The webinar was the first in How to Contract's new provision makeover series. Host Laura Frederick brought on David Sclar, Principal Product Counsel at Babylist, to take the provider side, and Laura Belmont, General Counsel at The L Suite (TechGC), to take the customer side. David has spent a decade in-house focused on tech, privacy, and product. Laura previously built the AI governance program at a data science and AI company, and that combination of vendor-side and buy-side experience showed up throughout the conversation.

We worked through three AI-slop definitions on screen. Each one looked harmless. Each one let way too much through once we slowed down on the words. The goal was not to land on a perfect draft, but to surface the questions you have to answer before you can write one of these definitions well.

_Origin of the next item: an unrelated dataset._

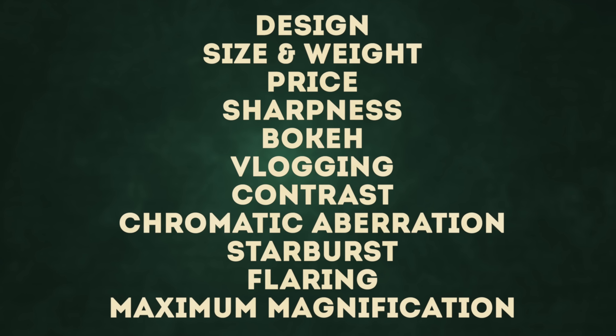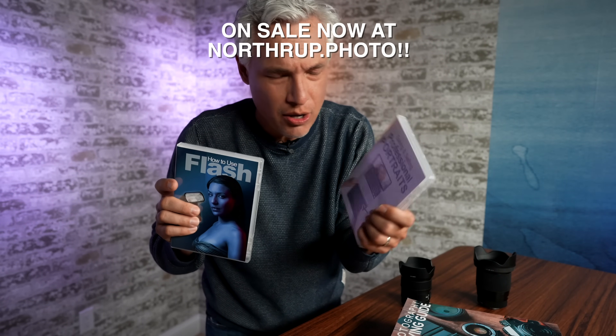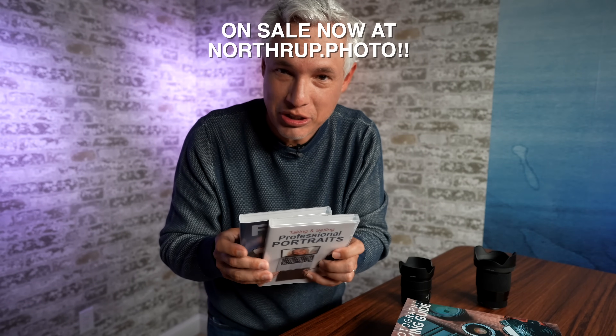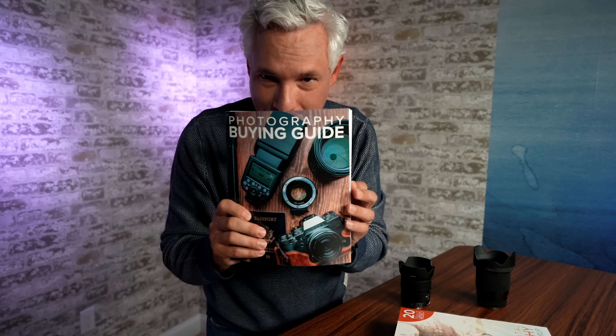First I want to plug our own store, because buying some photography education can improve your photos and videos so much more than just buying new gear. For Father's Day, we have a deep sale going on right now. Check out our flash video training and our professional portrait training — both of these will help you actually make money with the camera gear that you're spending money on. And if you have questions about what gear you should buy, check out my photography buying guide.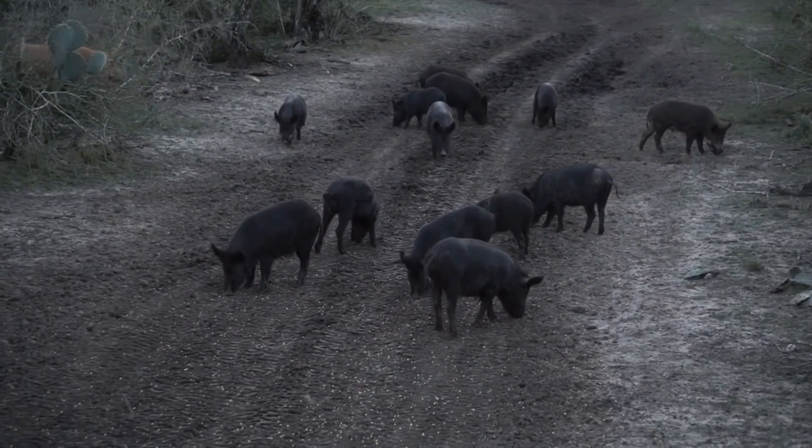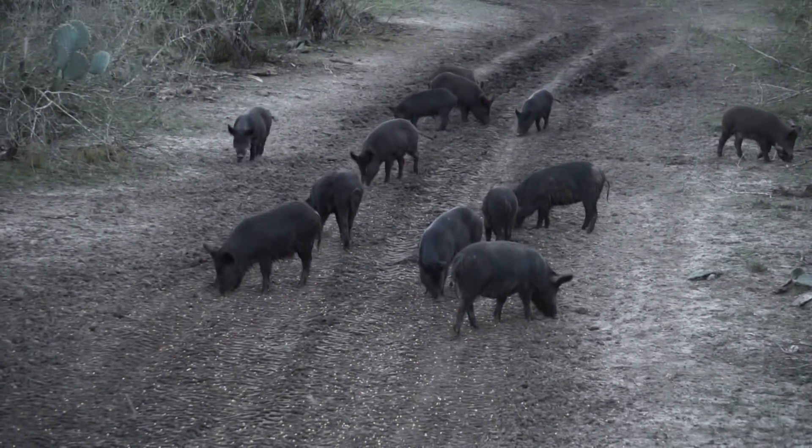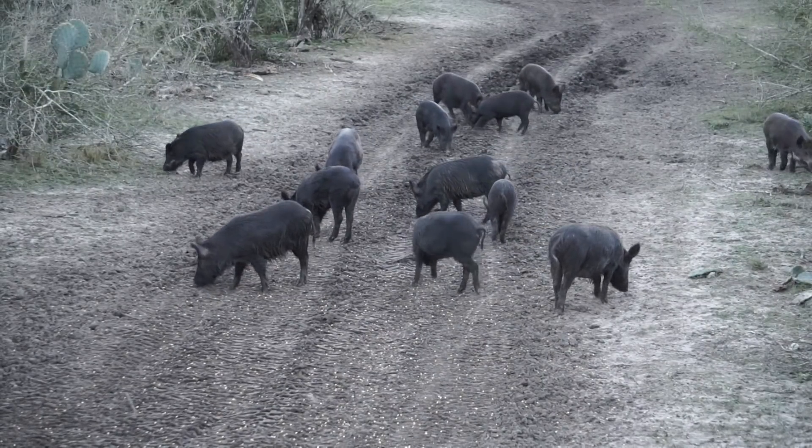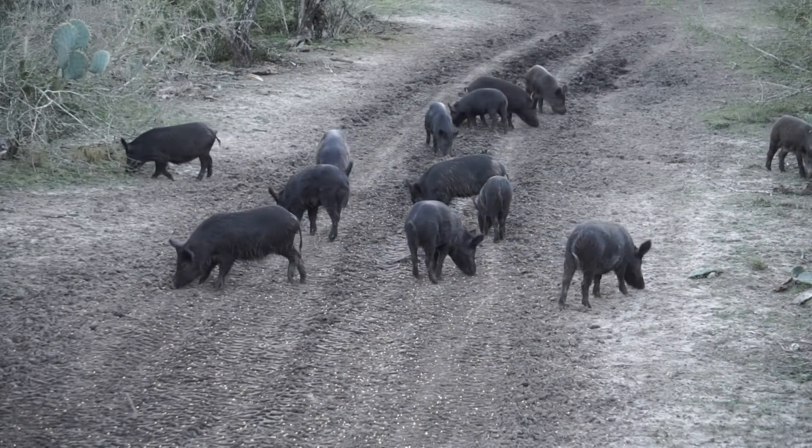This one was kind of tough. I had these hogs come out of the Sendero and feed down to us about 25 or so yards. I drew back — it was a little bit of a low light situation — but I settled my pin and flung an arrow. The shot looks like it's way far back, looks like it's in the guts. But judging by the blood that we found, the arrow was not back in the guts. The blood looked good — it looked like liver.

Here are our top ten takeaways from the speakers' comments during the webinar:

Treat AI contracts as data contracts. Once we accepted that almost every substantive provision in an AI contract turns on data, the definitions stopped feeling like boilerplate. The data definition is what draws the line between what stays yours and what becomes the provider's to learn from, monetize, and redistribute. If you only fight over the no-training language and skip the definitions feeding into it, you are protecting an empty box.
Stop drafting like AI is deterministic software. Traditional software is deterministic. Same input, same output. Generative AI is probabilistic and it learns from us as we use it. That means our prompts, our iterations, our feedback, and HOW we use the tool are all carrying value into the system. The definitions in the contract need to reflect that, not pretend we are still licensing a calculator.
Vagueness rarely helps either side. It is tempting to think loose drafting favors the provider, since broad words give them room. In practice, vagueness creates risk for both parties because nobody knows how a vague AI clause will be read later. Tight, specific definitions give the provider real operating room and give the customer a real boundary. Aim for clarity, not posture.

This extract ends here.